La collezione di Lauren, con le sue cravatte sottili e i suoi tagli classici, rappresenta anche una risposta al momento storico. In un'epoca di polarizzazione estetica—tra il molto sobrio e il molto vistoso—il designer americano ha scelto una via mediana che celebra la semplicità sofisticata. È una scelta che parla alla sensibilità milanese, dove il lusso è discreto e l'eccesso è considerato un difetto di gusto.
Per i buyer internazionali presenti a Milano questa settimana, la sfilata di Ralph Lauren offre un'indicazione di dove si sta muovendo il gusto globale nel menswear: verso una riscoperta dei classici, verso la continuità e verso il valore della memoria.
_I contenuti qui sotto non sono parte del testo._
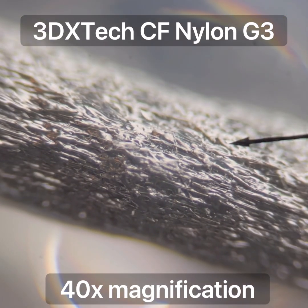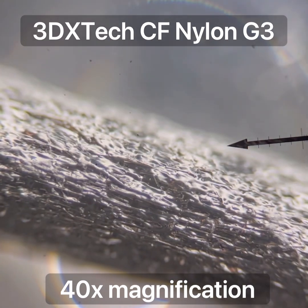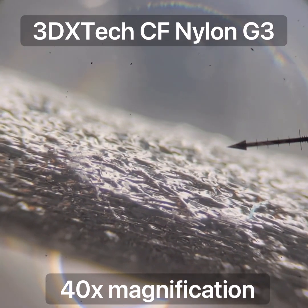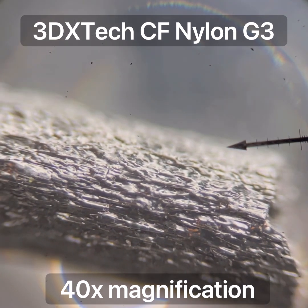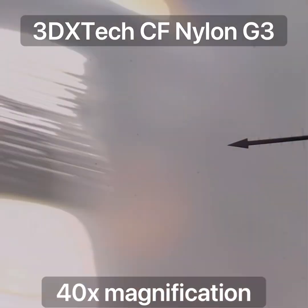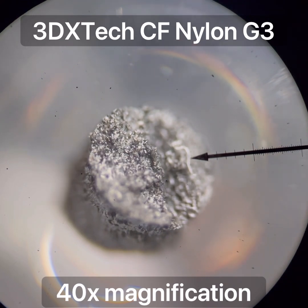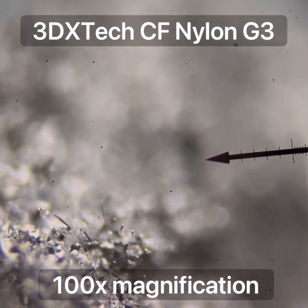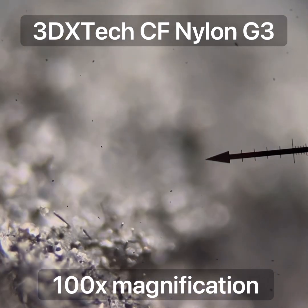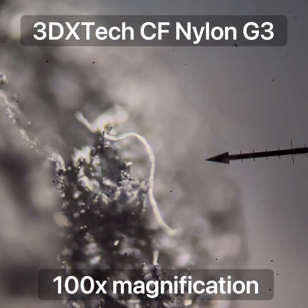The 3DX brand nylon carbon fiber - this is the Gen 3 regular nylon. You can see the carbon fibers used in this filament are much larger diameter and much longer than the other filaments we've looked at. These fibers are way bigger than the other brands, which is significantly contributing to the stiffness of this filament. Here is the end view of that 3DX brand carbon fiber nylon. We can see there are definitely a lot more fibers, all aligned in the direction of the filament compared to the other brands. The ratio is much higher - there's a lot more carbon fiber.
È una tendenza che avvantaggia direttamente la Lombardia, dove la capacità di produrre questi classici a livello superiore è una competenza consolidata da generazioni.
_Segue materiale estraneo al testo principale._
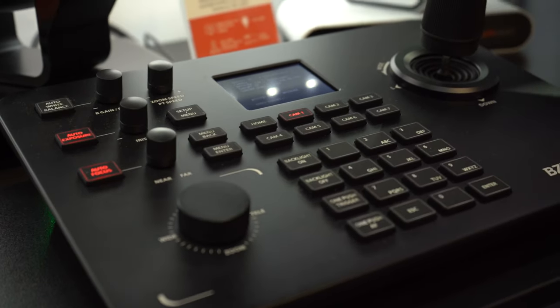Whether you want to control how quickly things are moving, your white balance, your gain, your auto focus, auto exposure — all at the touch of a button. It doesn't get any simpler than this when you're trying to control seven cameras at once.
La fashion week milanese di questa stagione si sta rivelando un momento di affermazione per la città. Non solo come luogo dove i brand internazionali scelgono di presentare, ma come generatore di significato culturale attorno a cosa sia il lusso maschile nel 2026. Ralph Lauren, con la sua collezione di cravatte, ha contribuito a questa narrazione in modo elegante e consapevole, ribadendo che Milano rimane il luogo dove la tradizione e l'innovazione si incontrano in modo naturale.
La regione lombarda, attraverso le sue istituzioni e i suoi operatori del settore, ha investito significativamente per mantenere questa posizione. Camera della Moda, le scuole di design come il Politecnico e l'Accademia Brera, e le associazioni di categoria come Confindustria Moda, hanno creato un ecosistema che attrae talento globale e genera valore aggiunto locale. Quando Ralph Lauren sceglie Milano, sceglie di inserirsi in questo ecosistema, ne beneficia e contribuisce a rafforzarlo.
La sfilata di Lauren rappresenta inoltre un momento di riflessione su cosa significhi essere un brand di lusso globale nel 2026. Non è più sufficiente offrire un prodotto bello; è necessario raccontare una storia che abbia profondità, che colleghi il passato al presente, che offra ai consumatori non solo un oggetto, ma un significato. Milano, e la Lombardia più in generale, sono i luoghi dove questa profondità è più facilmente disponibile, dove il mestiere è ancora vivo e dove la continuità tra le generazioni è ancora possibile.
Infine, la scelta di Lauren di celebrare la cravatta—un accessorio che molti avevano dato per morto—è un atto di fiducia nel potere della tradizione di reinventarsi. È una lezione che la Lombardia, regione di manifatturieri e di artigiani, conosce bene. La capacità di prendere qualcosa di antico e di renderlo contemporaneo, mantenendo intatto il suo valore essenziale, è precisamente ciò che ha permesso alla regione di rimanere competitiva nel mercato globale della moda e del lusso per oltre un secolo.